Selain itu, Darmawel menuturkan, supervisi ini juga bertujuan, untuk melihat kasus yang dapat diselesaikan dengan damai mengapa harus dilanjutkan pada tingkat yang lebih tinggi lagi dan itu akan membuat biaya negara akan lebih besar digunakan dalam penyelesaian perkara.

Dilanjutkannya, tindakan ini dinilai dapat menguntungkan pihak-pihak seperti dari pihak korban maupun pihak pelaku.

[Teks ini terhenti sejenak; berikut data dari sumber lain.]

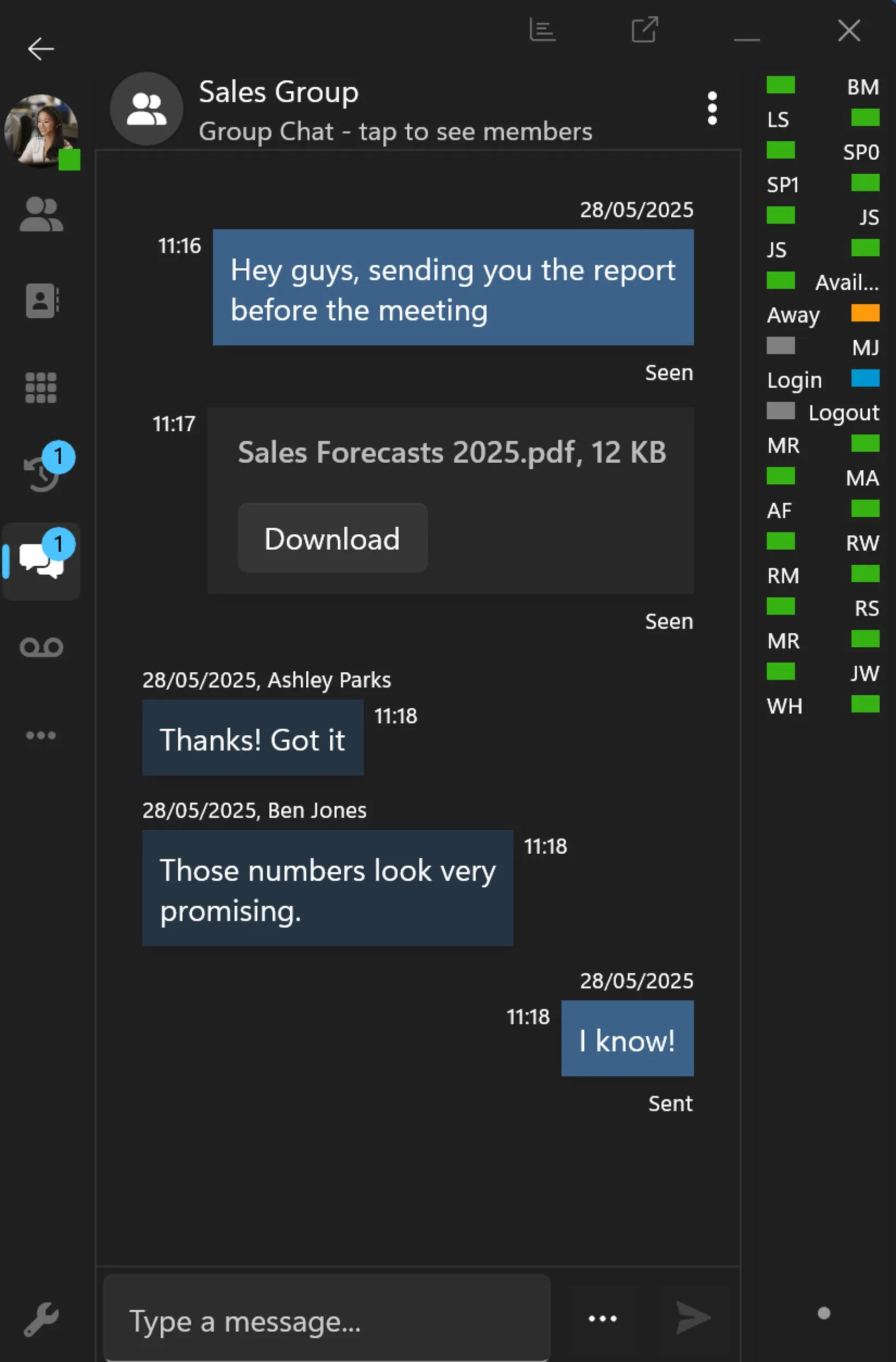 3CX screenshot 5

”Jika bisa diselesaikan pada tingkat bawah kenapa harus dilanjutkan dengan menggunakan biaya negara yang lebih besar lagi. Inikan tujuannya baik kepada pelaku maupun korban,” tegasnya. 

Menurutnya, ini merupakan peraturan Jaksa Agung (JA) RI Nomor 15 Tahun 2020, tentang keadilan restoratif (restoratif justice). Ini dilakukan semata- semata, untuk kepentingan masyarakat.

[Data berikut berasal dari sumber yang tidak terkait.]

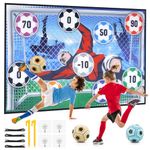 YIMORE Football Game Set for Kids, Indoor Outdoor Soft Soccer Goal Games with Velcro Balls, Football Gifts for Boys Kids 3 4 5 6 7 8 Year Old Toys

“Dengan adanya peraturan jaksa agung nomor 15 Tahun 2020, jangan ada lagi anggapan bahwa hukum hanya tajam ke bawah bukan keatas,” kata Darmawel yang didampingi Kasi Penkum Kejati Sumbar, Yunelda.

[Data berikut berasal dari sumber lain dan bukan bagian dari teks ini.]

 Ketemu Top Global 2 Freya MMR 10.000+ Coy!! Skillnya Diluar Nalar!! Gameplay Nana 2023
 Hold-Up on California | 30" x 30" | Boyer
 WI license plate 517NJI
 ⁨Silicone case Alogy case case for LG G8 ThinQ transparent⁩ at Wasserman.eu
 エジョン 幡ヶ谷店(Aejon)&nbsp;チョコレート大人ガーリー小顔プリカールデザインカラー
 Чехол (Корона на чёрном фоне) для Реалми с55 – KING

Dilanjutkannya, adapun pedoman 03 dalam penanganan perkara pidana umum (pidum). Dalam pedoman 03 ini mencakup beberapa poin penting mulai dari penuntutan, apa yang perlu dilakukan jaksa dalam penanganan perkara pidum dan beberapa poin penting lainnya.

Darmawel menegaskan bahwa yang terpenting dari pedoman 03 ini adalah dikembalikan kepada jaksa yang menangani kasus pidum dengan menggunakan hati nurani.

Mantan Kepala Kejaksaan Tinggi (Kajati) Sulawesi Barat (Sulbar), menerangkan penerapan keadilan restoratif juga tidak serta merta dapat diterapkan tetapi ada-syarat-syarat yang menjadi rujukan.

Selain itu yang menjadi konsen perhatian adalah sejauh mana penerapan rehabilitasi untuk tindak pidana narkoba, sistem manajemen penanganan perkara atau Case Manajemen Sistem.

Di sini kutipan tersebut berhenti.